§ **Records**
# # # # #
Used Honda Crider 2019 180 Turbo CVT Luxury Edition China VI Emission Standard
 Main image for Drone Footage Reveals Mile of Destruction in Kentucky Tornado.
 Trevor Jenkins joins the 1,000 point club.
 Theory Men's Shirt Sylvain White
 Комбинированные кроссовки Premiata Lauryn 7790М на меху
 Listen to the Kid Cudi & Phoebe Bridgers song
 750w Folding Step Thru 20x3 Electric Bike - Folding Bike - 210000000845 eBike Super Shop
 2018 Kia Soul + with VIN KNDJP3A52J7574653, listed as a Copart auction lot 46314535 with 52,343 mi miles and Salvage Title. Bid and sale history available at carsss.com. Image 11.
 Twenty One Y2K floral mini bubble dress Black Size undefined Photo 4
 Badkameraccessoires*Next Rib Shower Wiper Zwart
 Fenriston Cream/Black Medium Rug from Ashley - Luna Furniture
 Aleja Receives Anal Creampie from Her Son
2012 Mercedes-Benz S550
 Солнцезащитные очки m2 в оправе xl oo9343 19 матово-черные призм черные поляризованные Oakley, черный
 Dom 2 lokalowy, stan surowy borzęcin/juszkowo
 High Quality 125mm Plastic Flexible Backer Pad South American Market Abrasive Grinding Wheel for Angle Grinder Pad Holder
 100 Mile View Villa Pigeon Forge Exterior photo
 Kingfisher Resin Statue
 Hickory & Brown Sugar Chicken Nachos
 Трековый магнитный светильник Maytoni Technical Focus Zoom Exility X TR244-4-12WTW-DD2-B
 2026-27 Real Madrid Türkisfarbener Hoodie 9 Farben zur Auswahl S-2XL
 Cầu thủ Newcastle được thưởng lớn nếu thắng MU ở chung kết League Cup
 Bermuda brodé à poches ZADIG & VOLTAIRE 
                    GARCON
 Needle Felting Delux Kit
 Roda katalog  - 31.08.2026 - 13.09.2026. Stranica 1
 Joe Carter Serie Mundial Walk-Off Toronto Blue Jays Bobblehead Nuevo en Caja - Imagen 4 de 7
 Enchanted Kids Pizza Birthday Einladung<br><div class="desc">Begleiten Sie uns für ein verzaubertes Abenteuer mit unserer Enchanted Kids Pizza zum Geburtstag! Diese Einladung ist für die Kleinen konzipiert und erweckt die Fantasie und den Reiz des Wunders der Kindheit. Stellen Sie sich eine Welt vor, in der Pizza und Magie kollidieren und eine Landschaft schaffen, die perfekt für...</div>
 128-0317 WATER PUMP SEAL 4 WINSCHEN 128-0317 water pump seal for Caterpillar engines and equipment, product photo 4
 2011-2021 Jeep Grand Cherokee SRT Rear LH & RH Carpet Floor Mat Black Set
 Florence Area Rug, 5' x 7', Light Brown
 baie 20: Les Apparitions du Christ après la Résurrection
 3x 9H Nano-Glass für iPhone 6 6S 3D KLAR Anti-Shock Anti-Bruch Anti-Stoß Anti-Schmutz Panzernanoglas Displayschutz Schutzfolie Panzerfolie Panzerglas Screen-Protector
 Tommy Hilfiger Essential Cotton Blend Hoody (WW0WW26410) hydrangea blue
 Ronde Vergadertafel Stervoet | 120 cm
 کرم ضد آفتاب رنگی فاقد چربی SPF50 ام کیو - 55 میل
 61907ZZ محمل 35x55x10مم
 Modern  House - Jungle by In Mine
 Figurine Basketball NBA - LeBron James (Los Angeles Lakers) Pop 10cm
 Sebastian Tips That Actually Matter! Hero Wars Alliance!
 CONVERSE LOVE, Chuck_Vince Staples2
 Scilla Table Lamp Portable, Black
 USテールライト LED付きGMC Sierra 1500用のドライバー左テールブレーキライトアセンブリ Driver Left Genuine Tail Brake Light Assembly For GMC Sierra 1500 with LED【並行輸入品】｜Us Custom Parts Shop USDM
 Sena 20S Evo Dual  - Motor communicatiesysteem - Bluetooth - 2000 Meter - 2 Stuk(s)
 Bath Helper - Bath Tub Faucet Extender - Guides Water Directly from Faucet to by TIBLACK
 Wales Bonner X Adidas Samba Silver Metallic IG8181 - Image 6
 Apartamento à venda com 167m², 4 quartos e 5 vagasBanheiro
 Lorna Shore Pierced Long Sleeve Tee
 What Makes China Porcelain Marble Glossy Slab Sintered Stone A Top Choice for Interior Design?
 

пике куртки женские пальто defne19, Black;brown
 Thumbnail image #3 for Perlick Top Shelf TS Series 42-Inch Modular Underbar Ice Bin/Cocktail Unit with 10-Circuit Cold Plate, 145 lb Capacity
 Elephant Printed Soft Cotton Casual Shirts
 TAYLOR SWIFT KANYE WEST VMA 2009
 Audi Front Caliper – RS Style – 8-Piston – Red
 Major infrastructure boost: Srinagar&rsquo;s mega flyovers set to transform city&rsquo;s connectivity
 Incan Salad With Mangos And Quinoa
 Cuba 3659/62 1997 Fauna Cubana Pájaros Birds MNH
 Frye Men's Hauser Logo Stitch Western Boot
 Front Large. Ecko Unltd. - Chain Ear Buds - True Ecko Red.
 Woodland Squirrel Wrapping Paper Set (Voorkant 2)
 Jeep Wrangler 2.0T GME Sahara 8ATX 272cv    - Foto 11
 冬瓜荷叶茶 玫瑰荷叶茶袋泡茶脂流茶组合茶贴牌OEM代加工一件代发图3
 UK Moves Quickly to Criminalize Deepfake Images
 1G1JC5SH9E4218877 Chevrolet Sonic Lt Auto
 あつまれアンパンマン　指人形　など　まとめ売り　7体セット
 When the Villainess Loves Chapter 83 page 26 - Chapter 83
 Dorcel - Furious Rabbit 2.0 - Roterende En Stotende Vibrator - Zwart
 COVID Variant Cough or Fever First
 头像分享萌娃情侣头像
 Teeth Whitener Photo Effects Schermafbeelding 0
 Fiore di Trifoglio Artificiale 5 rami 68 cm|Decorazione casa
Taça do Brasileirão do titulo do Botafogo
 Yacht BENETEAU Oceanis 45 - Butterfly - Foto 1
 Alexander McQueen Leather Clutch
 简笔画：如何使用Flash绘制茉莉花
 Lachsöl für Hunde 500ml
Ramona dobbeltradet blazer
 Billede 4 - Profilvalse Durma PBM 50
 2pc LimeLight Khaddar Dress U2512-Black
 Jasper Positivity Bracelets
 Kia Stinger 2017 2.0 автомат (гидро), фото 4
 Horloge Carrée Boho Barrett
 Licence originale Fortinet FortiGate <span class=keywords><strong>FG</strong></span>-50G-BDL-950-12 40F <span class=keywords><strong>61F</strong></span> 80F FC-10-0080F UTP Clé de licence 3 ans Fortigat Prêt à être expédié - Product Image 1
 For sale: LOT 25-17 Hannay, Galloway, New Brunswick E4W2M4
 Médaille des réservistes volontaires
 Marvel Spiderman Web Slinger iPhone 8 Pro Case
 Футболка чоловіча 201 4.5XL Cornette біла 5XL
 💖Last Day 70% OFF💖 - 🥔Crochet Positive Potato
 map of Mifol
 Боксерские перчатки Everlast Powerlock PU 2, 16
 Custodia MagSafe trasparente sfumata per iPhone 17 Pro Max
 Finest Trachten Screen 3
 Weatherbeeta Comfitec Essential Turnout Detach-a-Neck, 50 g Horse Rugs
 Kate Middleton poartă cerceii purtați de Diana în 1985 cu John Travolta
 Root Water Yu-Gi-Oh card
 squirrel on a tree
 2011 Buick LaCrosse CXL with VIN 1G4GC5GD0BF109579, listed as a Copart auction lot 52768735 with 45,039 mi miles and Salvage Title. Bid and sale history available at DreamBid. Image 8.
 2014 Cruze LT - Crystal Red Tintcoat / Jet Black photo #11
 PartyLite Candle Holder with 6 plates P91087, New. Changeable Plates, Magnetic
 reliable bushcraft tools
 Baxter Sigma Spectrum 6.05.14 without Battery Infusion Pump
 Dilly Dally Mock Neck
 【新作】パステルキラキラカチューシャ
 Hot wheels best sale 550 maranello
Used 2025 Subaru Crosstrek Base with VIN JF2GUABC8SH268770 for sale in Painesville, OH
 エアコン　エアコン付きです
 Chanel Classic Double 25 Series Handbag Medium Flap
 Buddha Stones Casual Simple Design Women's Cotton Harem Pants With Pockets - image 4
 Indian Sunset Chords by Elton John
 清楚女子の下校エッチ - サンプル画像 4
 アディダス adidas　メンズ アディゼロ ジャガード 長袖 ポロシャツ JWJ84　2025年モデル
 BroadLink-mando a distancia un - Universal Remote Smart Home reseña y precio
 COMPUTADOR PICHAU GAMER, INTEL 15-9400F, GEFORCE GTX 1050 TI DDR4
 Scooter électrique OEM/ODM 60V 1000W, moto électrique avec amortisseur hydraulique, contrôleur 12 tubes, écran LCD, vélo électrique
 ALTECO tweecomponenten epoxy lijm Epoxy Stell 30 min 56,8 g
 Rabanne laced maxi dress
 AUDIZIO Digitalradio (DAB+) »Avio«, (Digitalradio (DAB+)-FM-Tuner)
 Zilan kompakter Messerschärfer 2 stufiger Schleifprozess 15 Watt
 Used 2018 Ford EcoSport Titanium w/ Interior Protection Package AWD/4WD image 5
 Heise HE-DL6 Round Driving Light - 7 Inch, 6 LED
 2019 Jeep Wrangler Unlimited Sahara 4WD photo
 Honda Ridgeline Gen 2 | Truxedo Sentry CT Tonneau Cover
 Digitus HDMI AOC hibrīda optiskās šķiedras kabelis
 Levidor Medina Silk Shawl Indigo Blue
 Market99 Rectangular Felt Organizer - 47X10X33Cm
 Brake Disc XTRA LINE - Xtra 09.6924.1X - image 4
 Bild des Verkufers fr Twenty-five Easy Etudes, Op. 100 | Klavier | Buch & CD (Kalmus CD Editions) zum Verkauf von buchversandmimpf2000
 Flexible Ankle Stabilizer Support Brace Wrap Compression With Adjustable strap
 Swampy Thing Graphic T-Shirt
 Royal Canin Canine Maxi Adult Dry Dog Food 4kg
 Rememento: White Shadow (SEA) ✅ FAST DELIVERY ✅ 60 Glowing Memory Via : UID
# # # # #
§ **Exercise**
In the listing above, find the line containing "冬瓜荷叶茶 玫瑰荷叶茶袋泡茶脂流茶组合茶贴牌OEM代加工一件代发图3" and the line containing "Weatherbeeta Comfitec Essential", then repeat those two lines and everything between them exactly.

§ **Exercise answer**
 冬瓜荷叶茶 玫瑰荷叶茶袋泡茶脂流茶组合茶贴牌OEM代加工一件代发图3
 UK Moves Quickly to Criminalize Deepfake Images
 1G1JC5SH9E4218877 Chevrolet Sonic Lt Auto
 あつまれアンパンマン　指人形　など　まとめ売り　7体セット
 When the Villainess Loves Chapter 83 page 26 - Chapter 83
 Dorcel - Furious Rabbit 2.0 - Roterende En Stotende Vibrator - Zwart
 COVID Variant Cough or Fever First
 头像分享萌娃情侣头像
 Teeth Whitener Photo Effects Schermafbeelding 0
 Fiore di Trifoglio Artificiale 5 rami 68 cm|Decorazione casa
Taça do Brasileirão do titulo do Botafogo
 Yacht BENETEAU Oceanis 45 - Butterfly - Foto 1
 Alexander McQueen Leather Clutch
 简笔画：如何使用Flash绘制茉莉花
 Lachsöl für Hunde 500ml
Ramona dobbeltradet blazer
 Billede 4 - Profilvalse Durma PBM 50
 2pc LimeLight Khaddar Dress U2512-Black
 Jasper Positivity Bracelets
 Kia Stinger 2017 2.0 автомат (гидро), фото 4
 Horloge Carrée Boho Barrett
 Licence originale Fortinet FortiGate <span class=keywords><strong>FG</strong></span>-50G-BDL-950-12 40F <span class=keywords><strong>61F</strong></span> 80F FC-10-0080F UTP Clé de licence 3 ans Fortigat Prêt à être expédié - Product Image 1
 For sale: LOT 25-17 Hannay, Galloway, New Brunswick E4W2M4
 Médaille des réservistes volontaires
 Marvel Spiderman Web Slinger iPhone 8 Pro Case
 Футболка чоловіча 201 4.5XL Cornette біла 5XL
 💖Last Day 70% OFF💖 - 🥔Crochet Positive Potato
 map of Mifol
 Боксерские перчатки Everlast Powerlock PU 2, 16
 Custodia MagSafe trasparente sfumata per iPhone 17 Pro Max
 Finest Trachten Screen 3
 Weatherbeeta Comfitec Essential Turnout Detach-a-Neck, 50 g Horse Rugs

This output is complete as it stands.